Evan also enjoys gardening, woodworking (timber framing and spoon carving), hiking, foraging, camping, skiing, and trying out new recipes. Intent on communal living they are a member of Churning Rapids Community, a small developing intentional community with seven members. In their free time they play guitar and sing in a band, are on the board for Keweenaw Land Trust, and co-organize the Portage Lake Seed Library.
STEPHANIE MAE HOWELLS (she/her) is a multimedia artist, educator and community arts curator in Detroit with a BA in Honors Psychology / Art Minor from Wayne State University (2010). She has been an independent Teaching Artist for 10 years working in classrooms, after-school programs, hospital settings and carceral spaces. Her pedagogy incorporates therapeutic approaches with technical skill building. She loves supporting youth in their creative process as they master techniques, process complex emotions, challenge the ‘inner-critic’ and uncover their unique artistic style/voice.
As a VCAC Independent Project Resident in 2022 and 2023, Stephanie collaborated closely with the natural environment creating land-art installations, botanical illustrations and a healing Altar space for fellow campers. She is excited to join the VCAC staff this year, holding it down in the Kitchen and supporting Independent Projects! In her free time she enjoys hula hooping, gardening, rollerblading and hanging with her 3 cats.
MEL SEEGER has worked in the logging industry and run sawmills his entire life in Northern Minnesota and the UP. He builds barns, saunas, yurts and boats of his own designs; the Visitor Center's studio barn is one of his. He also makes various types of heaters, furnaces, ovens, and stoves and has been experimenting with creating insulating bricks from local clay and sawdust from his mill. He's a master of hand craft and is also tech savvy, using CAD and CNC to create utilitarian designs and visual art. He also farms and plays traditional Finnish music with his wife, Aileen. Mel collaborates with VCAC artists during our Sustainable Building projects.
MARY CAROL AND CAMERON COLEMAN bought 120 acres of primarily forested land in the Upper Peninsula of Michigan in 2005 after living in an RV for five years while volunteering for the Forest Service and National Park Service. The north end of the property borders the Ottawa National Forest, along a scenic river corridor.

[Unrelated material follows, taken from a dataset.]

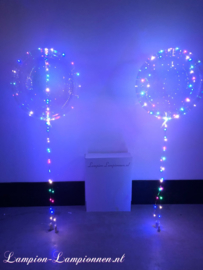 LED Ballon XXL - multicolor - 60 cm - verlichte ballon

This property had previously been irresponsibly logged, leaving a damaged ecosystem and uneven terrain, and so the Colemans have been working to restore the land and it’s wildlife habitats. With the help of grants from the Department of Agriculture, they have planted thousands of native trees. They maintain the growth of certain trees to allow for different age classes, and among other land improvements have built a pond, put up bat houses and bird houses, made habitat for deer, turkey, bear, and snowshoe hare, and built an extensive trail system. "We won't live to see much of the results of all this, but we have the satisfaction of knowing that we have tried to be stewards and to help restore the land's natural beauty."